Une majorité de mouvements Strongman utilise l’engagement de la chaîne postérieur : mollets, ischiosjambiers, fessiers, lombaires, érecteurs du rachis et trapèzes. Le fait de marcher en portant un objet sur l’avant de son centre de gravité oblige la sollicitation importante de cette chaîne pour éviter que le corps en tombe vers devant. Imaginez la chaîne postérieure comme une corde qui retient le corps qui souhaite en permanence piquer du nez. Et tout comme le gainage, elle va maintenir la colonne vertébrale dans des positions de force pour la production d’autres mouvements (comme un développé militaire) via notamment les petits muscles tout le long du rachis.
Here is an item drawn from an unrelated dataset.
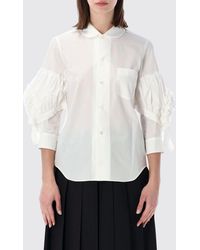Comme des Garçons - Comme Des Gar&Ccedil	Ons Relaxed-Fit Cotton Shirt With Peter Pan Collar And Balloon Sleeves - Lyst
Pour un athlète, et peu importe le sport cette fois-ci, une chaîne postérieure forte est essentielle à la performance sportive.
Chaîne Postérieure
Pour faire simple, le Strongman assure une midline de qualité. La midline est la zone autour de votre colonne vertébrale, celle où il y a peu de muscles et d’os car beaucoup d’organes dans cette zone : intestins notamment. C’est donc une zone fragile si elle n’est pas entrainée et développée. C’est le cas chez beaucoup de sédentaires qui perdent leur tonicité dans cette zone, par le manque d’activité et la répétition de la position assise, créant des problèmes de dos à force d’une posture trop maintenue et prolongée. Chez les athlètes, une midline faible entraîne une expression moins efficace de la performance, car les transferts de force du haut vers le bas ou du bas vers le haut du corps ne se font pas efficacement et engendre une perdition d’énergie. Le Strongman est donc un moyen de palier à ce problème.
Préparation Physique et Strongman
Avec le Strongman, vous faites du 3 en 1, c’est-à-dire que vous travaillez : votre force, votre gainage et votre chaîne postérieure dans un même mouvement (et donc dans une même séance si vous partez sur plusieurs circuits / mouvements Strong). C’est un moyen de gagner du temps, et d’aller à l’essentiel tout en rajoutant un côté ludique et varié à vos séances.
En circuit, c’est-à-dire en cumulant plusieurs exercices de Strongman, il est possible de travailler le développement cardio-vasculaire. En effet, les exercices étant polyarticulaire et exigeants physiquement, la dépense énergétique augmente rapidement. Donc, nous pourrions dire que c’est du 4 en 1.
Pour quels sports ? Certainement pas pour le pingpong… mais plus pour des sports où la notion de charge et de mobilisation de l’adversaire sont nécessaires : Rugby (plaquage notamment ou lift en touche) – Football Américain (plaquage et poussée de joueur) – Judo (prise, tractée, soulevée, propulsion) – Lutte & MMA (similaire au judo) et Freefight entre autres. Mais pas que ! Il est connu de travailler la puissance du bas du corps avec du « Push Sled » ou poussée de sled dans certains sports comme le bobsleigh.
Notre conseil
Nous vous conseillons d’utiliser le Strongman en préparation physique pour tout type de sports et pas uniquement pour les sports cités juste au-dessus. Les qualités développées par cette activité sont transposables dans une multitude de sports, que cela soit de manières directes ou indirectes, que ça soit en termes de stimulation nerveuse, renforcement musculaire, apprentissage des postures, etc.
Encore faut-il connaître et être capable d’enseigner les mouvements de Strongman et d’en voir les bénéfices pour telles ou telles activités. Mais tout s’apprend et il suffit de pratiquer personnellement et d’en comprendre les clefs avant de l’enseigner.